• **DATA SUPPLIED**:
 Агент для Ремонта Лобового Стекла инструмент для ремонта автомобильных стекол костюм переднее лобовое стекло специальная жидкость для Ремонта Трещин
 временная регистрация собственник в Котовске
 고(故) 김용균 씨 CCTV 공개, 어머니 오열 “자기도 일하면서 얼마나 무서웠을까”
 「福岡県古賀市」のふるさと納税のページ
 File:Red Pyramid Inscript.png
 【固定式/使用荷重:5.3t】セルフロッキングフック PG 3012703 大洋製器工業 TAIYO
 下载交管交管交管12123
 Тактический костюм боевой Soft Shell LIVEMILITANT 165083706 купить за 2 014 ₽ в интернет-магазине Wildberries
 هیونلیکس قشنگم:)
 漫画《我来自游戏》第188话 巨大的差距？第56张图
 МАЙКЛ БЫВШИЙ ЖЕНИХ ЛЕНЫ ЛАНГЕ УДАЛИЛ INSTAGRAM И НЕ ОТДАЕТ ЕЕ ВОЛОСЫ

==

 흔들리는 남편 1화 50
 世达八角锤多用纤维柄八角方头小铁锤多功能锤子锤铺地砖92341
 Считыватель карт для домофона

==

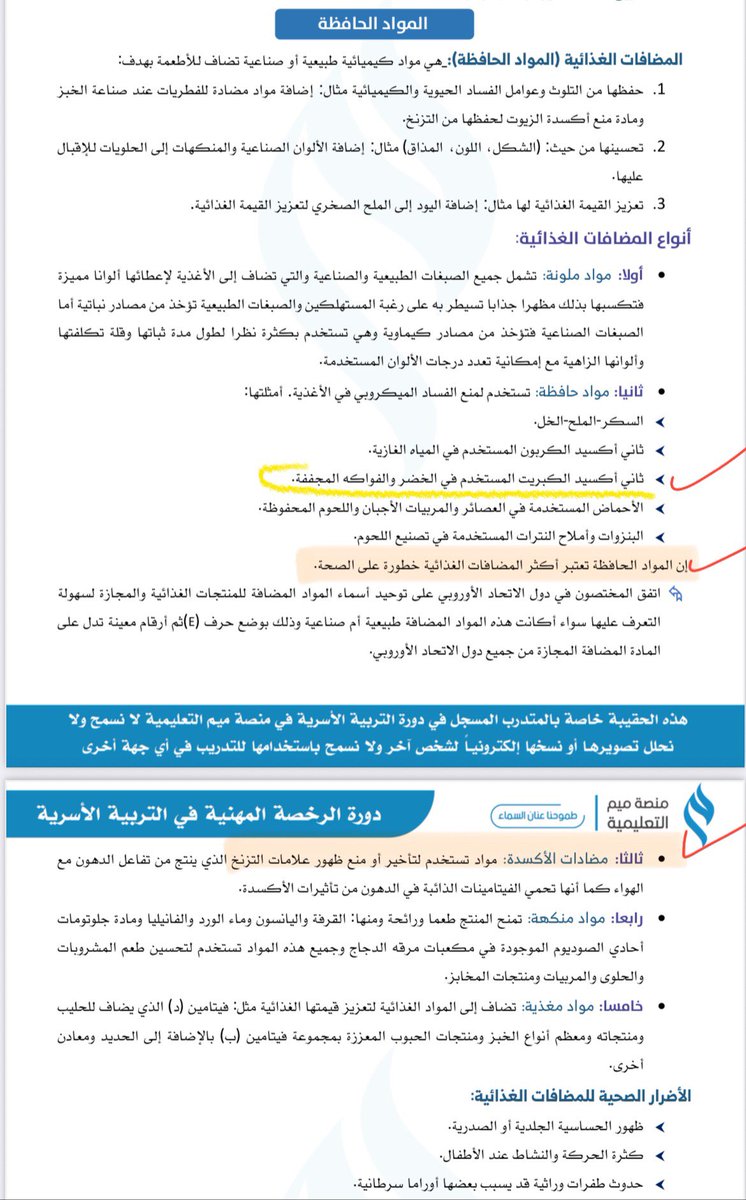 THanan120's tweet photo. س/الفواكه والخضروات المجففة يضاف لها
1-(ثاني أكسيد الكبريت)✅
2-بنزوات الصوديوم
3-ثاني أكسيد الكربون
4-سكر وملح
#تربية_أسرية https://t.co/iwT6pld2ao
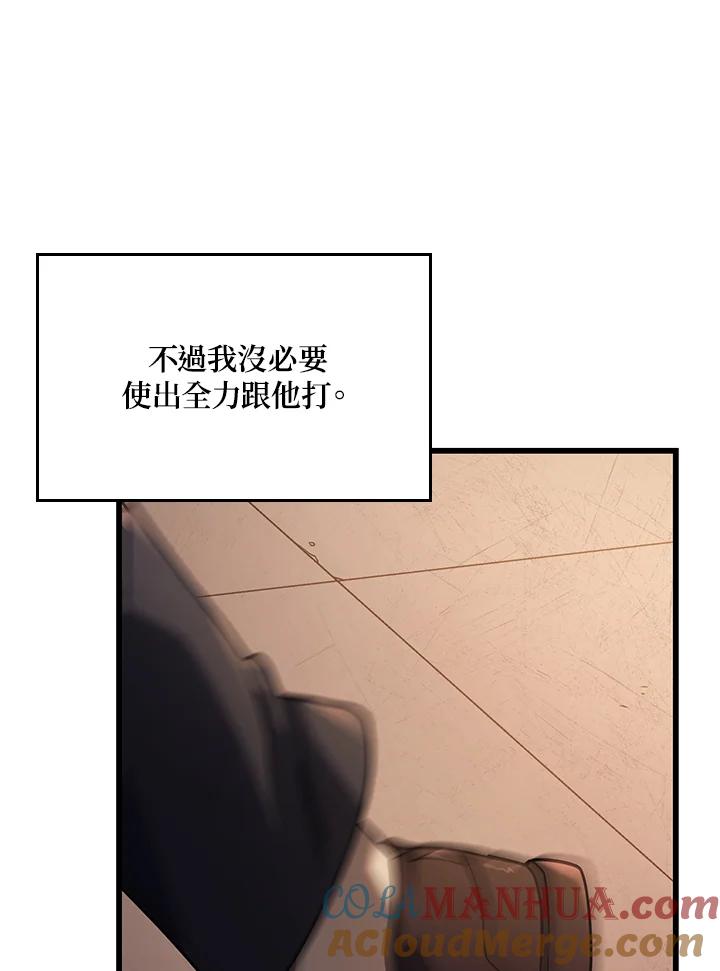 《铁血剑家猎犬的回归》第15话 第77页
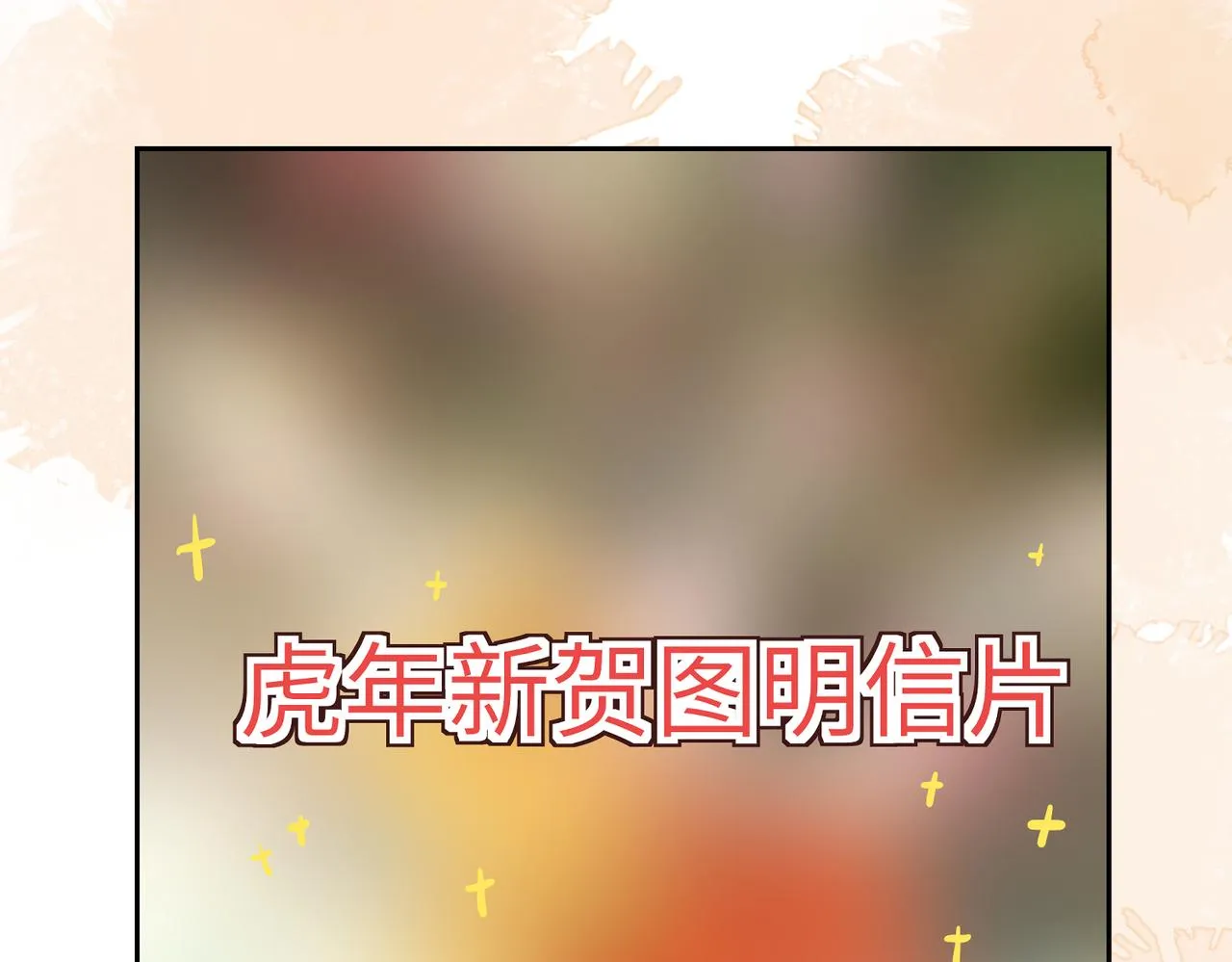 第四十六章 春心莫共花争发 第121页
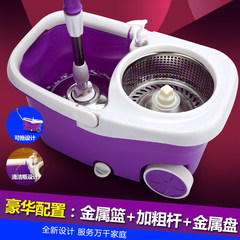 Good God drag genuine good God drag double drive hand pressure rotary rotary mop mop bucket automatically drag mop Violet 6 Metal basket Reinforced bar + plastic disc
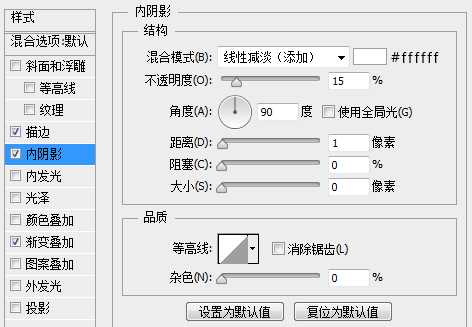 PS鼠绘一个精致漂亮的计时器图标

• **THE TASK**:
Once you have found every line above holding the word "أكسيد", copy those lines.

• **ANSWER TO THIS TASK**:
1-(ثاني أكسيد الكبريت)✅
3-ثاني أكسيد الكربون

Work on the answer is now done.